■ **Try it**
Search the data for the string "Neck" and gather each line it is in.

------------------------------------------------------------

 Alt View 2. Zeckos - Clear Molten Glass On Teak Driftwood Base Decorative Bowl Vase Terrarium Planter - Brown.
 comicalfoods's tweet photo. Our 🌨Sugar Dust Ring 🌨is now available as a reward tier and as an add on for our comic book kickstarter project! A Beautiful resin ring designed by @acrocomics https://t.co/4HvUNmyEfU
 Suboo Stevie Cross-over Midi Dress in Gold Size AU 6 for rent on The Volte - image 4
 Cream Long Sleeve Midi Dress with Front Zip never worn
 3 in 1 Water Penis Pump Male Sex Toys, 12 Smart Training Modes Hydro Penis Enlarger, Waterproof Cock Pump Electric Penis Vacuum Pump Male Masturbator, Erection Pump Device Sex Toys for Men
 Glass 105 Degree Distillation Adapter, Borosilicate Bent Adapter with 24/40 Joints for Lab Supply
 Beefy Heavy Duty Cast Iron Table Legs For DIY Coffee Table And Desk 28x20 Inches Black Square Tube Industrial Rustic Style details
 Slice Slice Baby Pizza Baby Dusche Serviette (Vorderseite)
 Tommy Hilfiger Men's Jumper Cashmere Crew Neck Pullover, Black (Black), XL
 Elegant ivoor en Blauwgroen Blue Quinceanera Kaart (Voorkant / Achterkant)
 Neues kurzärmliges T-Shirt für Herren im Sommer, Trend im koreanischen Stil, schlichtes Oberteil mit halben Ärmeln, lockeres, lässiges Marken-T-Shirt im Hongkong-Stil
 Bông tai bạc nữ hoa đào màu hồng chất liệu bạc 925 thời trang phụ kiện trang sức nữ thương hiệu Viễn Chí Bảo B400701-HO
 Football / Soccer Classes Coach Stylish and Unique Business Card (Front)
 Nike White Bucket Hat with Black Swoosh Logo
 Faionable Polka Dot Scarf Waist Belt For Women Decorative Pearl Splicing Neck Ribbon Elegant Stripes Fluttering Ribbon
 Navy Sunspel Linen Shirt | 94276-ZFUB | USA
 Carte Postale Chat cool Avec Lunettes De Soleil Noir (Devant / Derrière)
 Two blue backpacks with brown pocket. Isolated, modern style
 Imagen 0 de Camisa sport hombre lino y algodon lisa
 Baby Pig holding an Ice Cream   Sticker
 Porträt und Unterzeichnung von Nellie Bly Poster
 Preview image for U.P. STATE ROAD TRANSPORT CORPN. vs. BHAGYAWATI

------------------------------------------------------------

■ **Answer area**
 Tommy Hilfiger Men's Jumper Cashmere Crew Neck Pullover, Black (Black), XL
 Faionable Polka Dot Scarf Waist Belt For Women Decorative Pearl Splicing Neck Ribbon Elegant Stripes Fluttering Ribbon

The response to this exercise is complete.